TASK DETAILS: Copy exactly the lines from the beginning of the data down to and including the line holding "Afbeelding van Zilverstad", without any pictures.

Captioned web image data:
----------
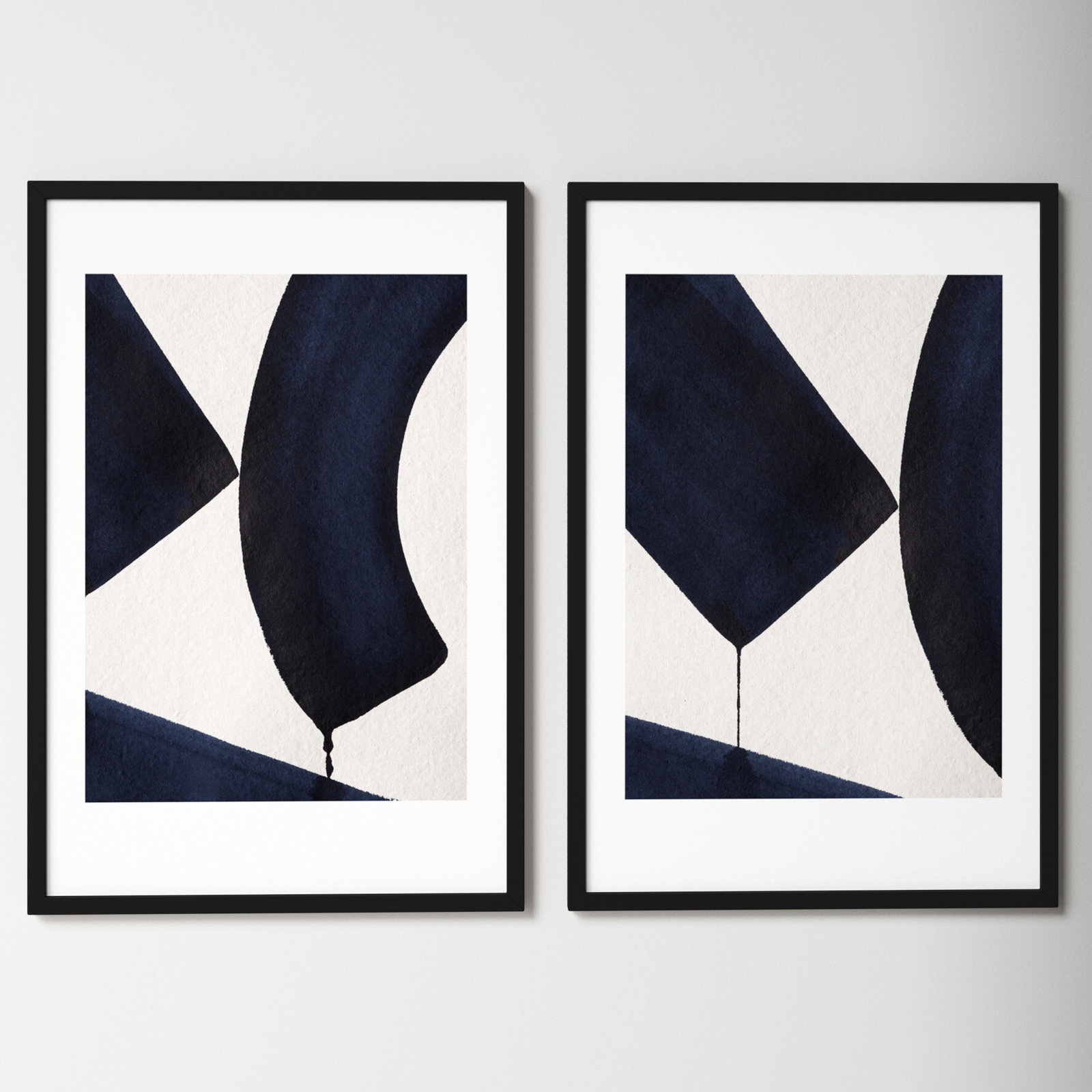 Fluid Motion 2 Duo 2-Piece Print Set, Black, 34.65" H x 49" W x 0.88" D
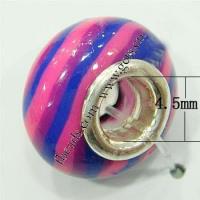 European Porcelain Beads , Rondelle, sterling silver double core without troll, multi-colored Approx 4.5mm 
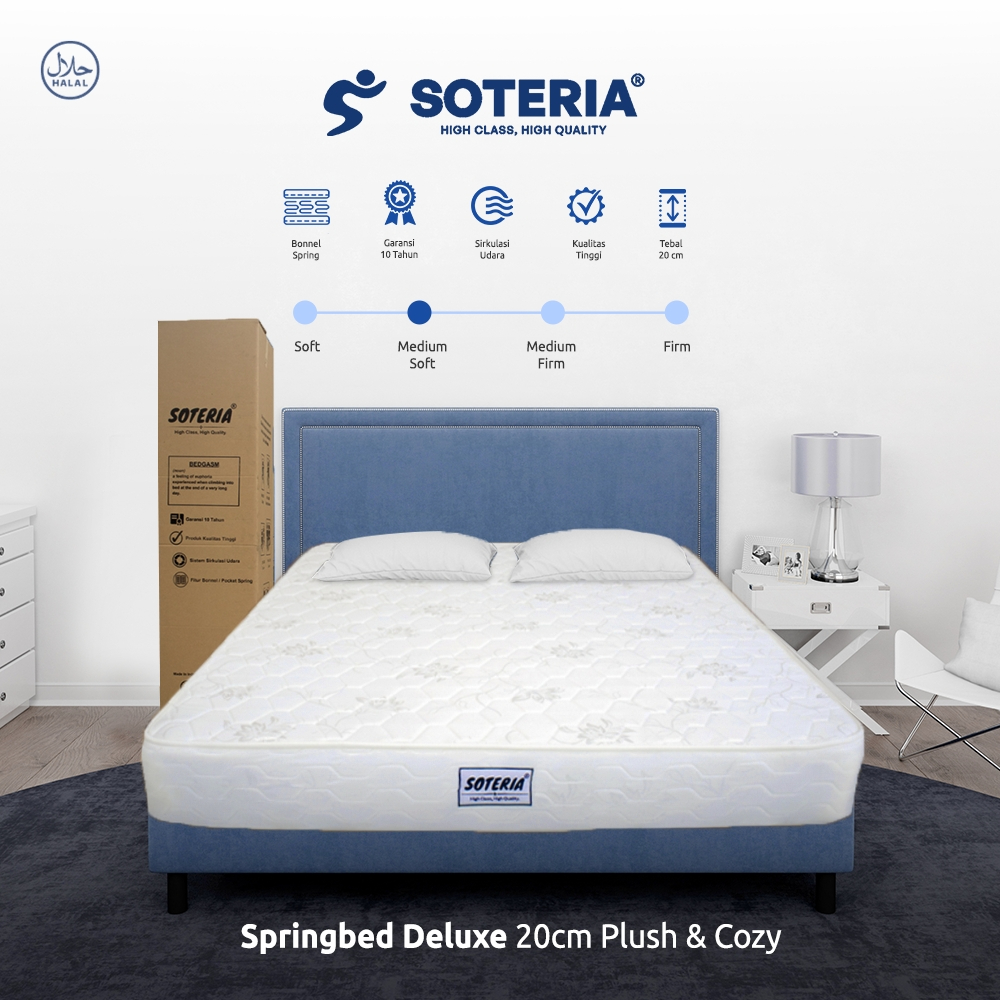 Soteria Kasur Springbed Matress Vakum Anti Nyeri Garansi 15Thn Kasur Roll Tebal 20cm Free Ongkir Deluxe Aerith Series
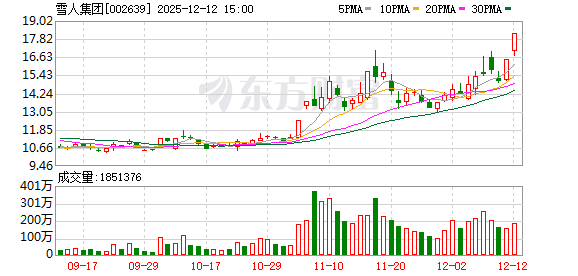 雪人集团:连续2个交易日收盘价格涨幅偏离值累计超20%
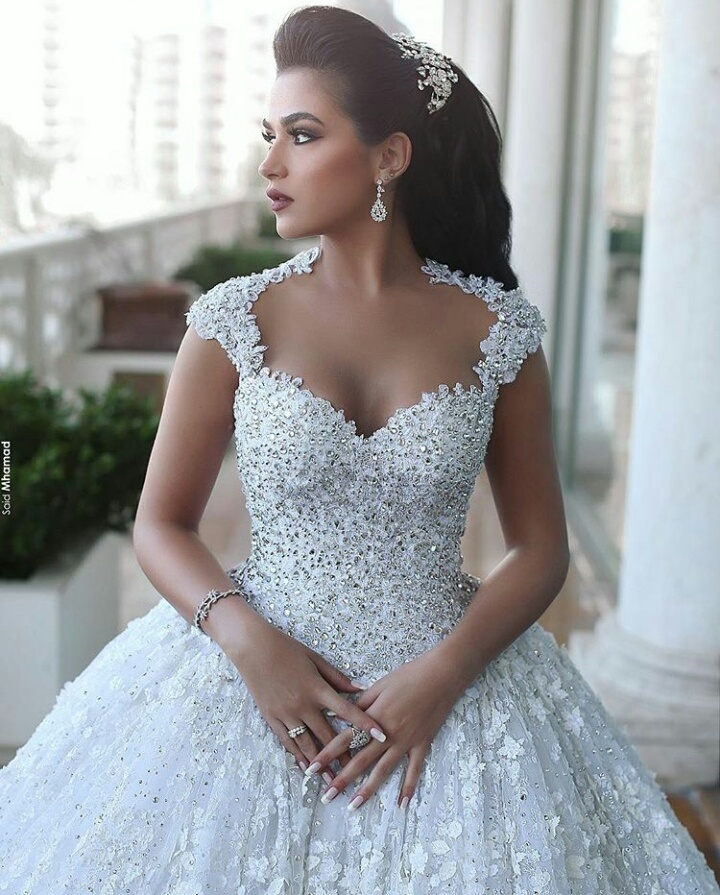 brunete, dress, wedding hair and wedding dress
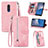 Handytasche Stand Schutzhülle Flip Leder Hülle S06D für Nokia C3 Rosa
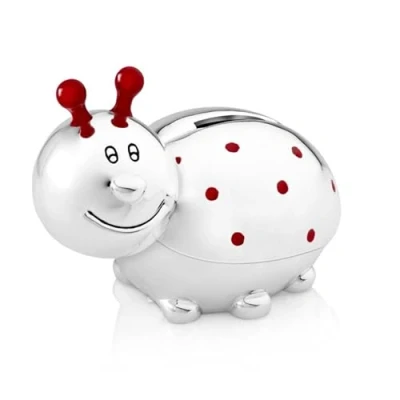 Afbeelding van Zilverstad Money box Ladybird silver colour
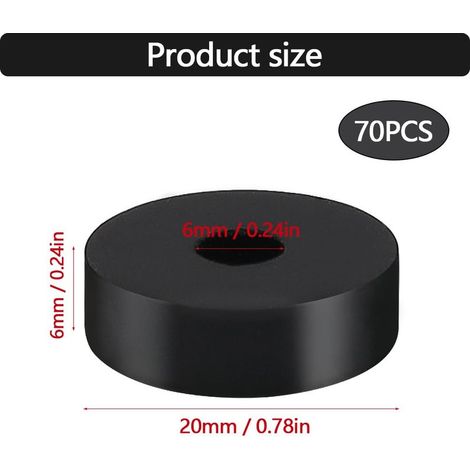 70 Stück Gummischeiben 20 x 6 x 6 mm Gummiabstandshalter für Schrauben, Distanzstücke, Rohre (1/5)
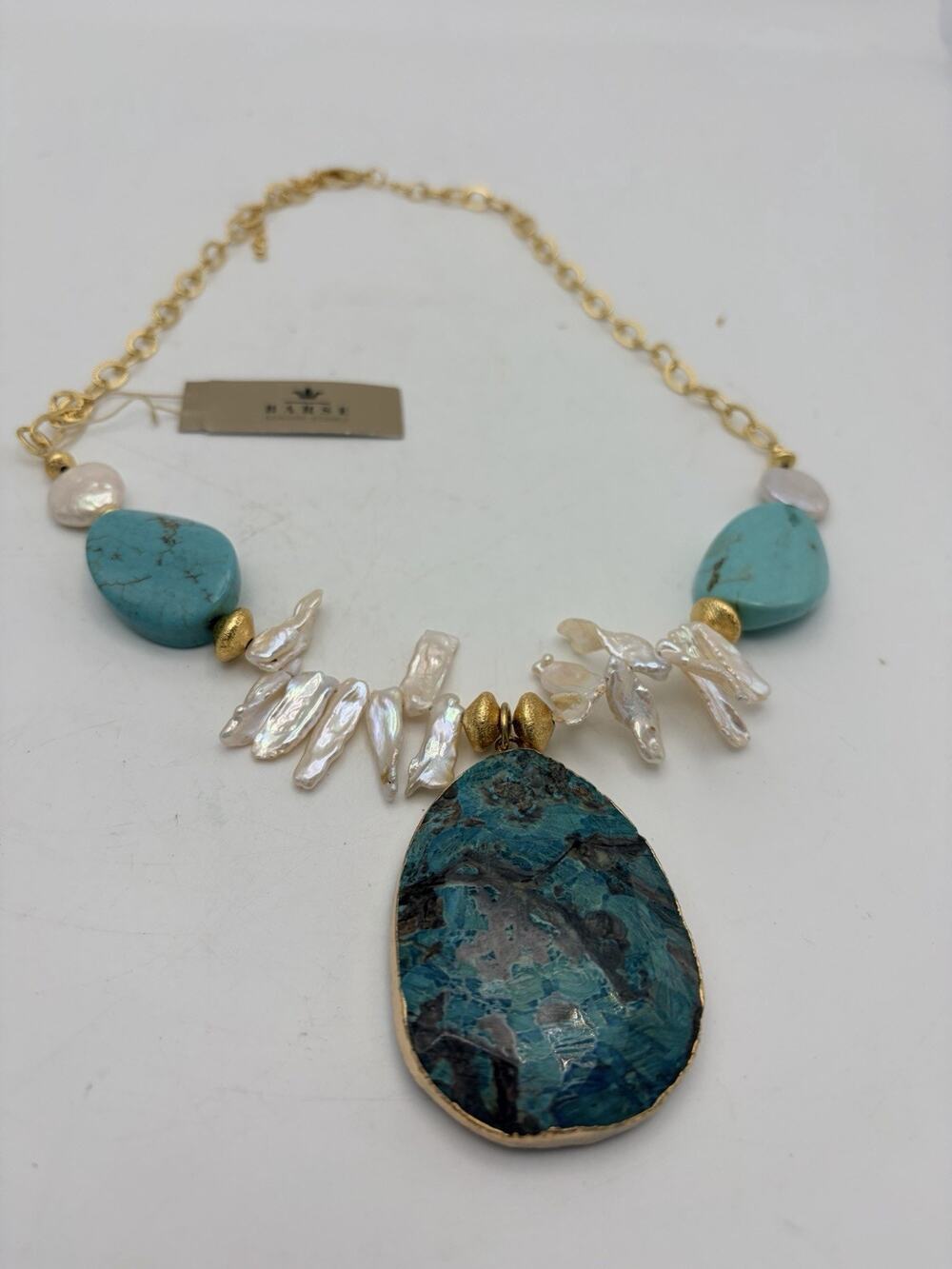 Bares Southwestern Style Statement Necklace. Fresh Water Pearls, Terqoise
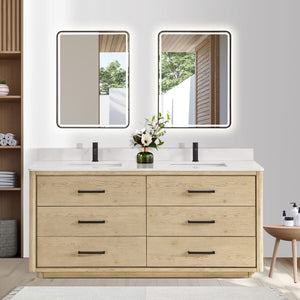 Open image in slideshow, Porto 72&quot; Free-standing Double Bath Vanity in Aged Natural Oak with Fish Maw White Quartz Stone Top
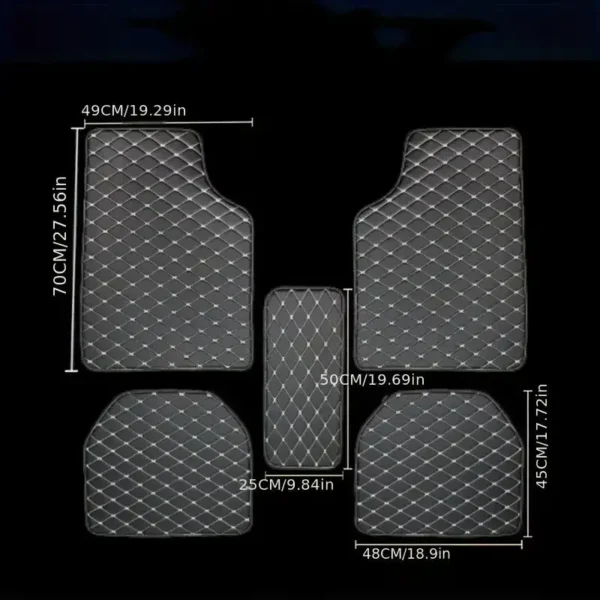 5 pcs Waterproof Leather Car Floor Mats Universal Auto Foot Pad Protector Automobile Interior Carpet Accessories Interior - Image 5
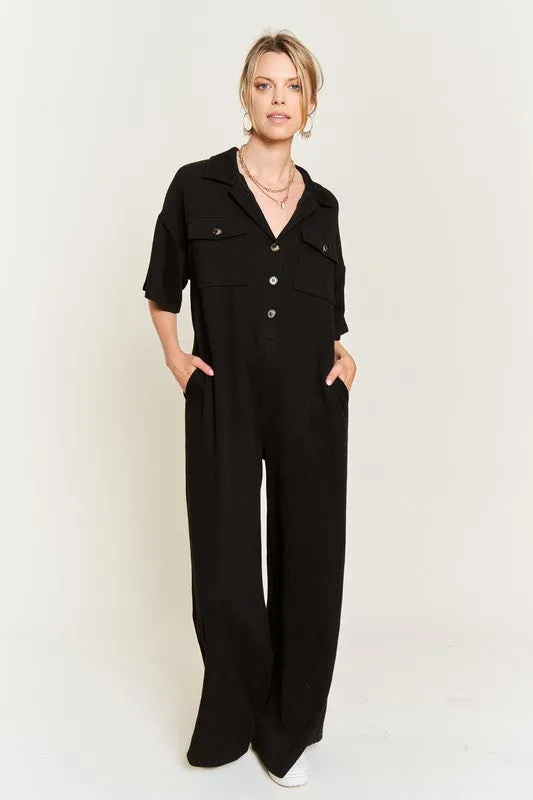 Collar Shirt Wide Leg Jumpsuit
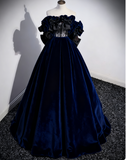 Off Shoulder Velvet Lace Burgundy Long Prom Dress, Burgundy Long Formal Dress HZ1024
----------
ANSWER BOX:
 Fluid Motion 2 Duo 2-Piece Print Set, Black, 34.65" H x 49" W x 0.88" D
 European Porcelain Beads , Rondelle, sterling silver double core without troll, multi-colored Approx 4.5mm 
 Soteria Kasur Springbed Matress Vakum Anti Nyeri Garansi 15Thn Kasur Roll Tebal 20cm Free Ongkir Deluxe Aerith Series
 雪人集团:连续2个交易日收盘价格涨幅偏离值累计超20%
 brunete, dress, wedding hair and wedding dress
 Handytasche Stand Schutzhülle Flip Leder Hülle S06D für Nokia C3 Rosa
 Afbeelding van Zilverstad Money box Ladybird silver colour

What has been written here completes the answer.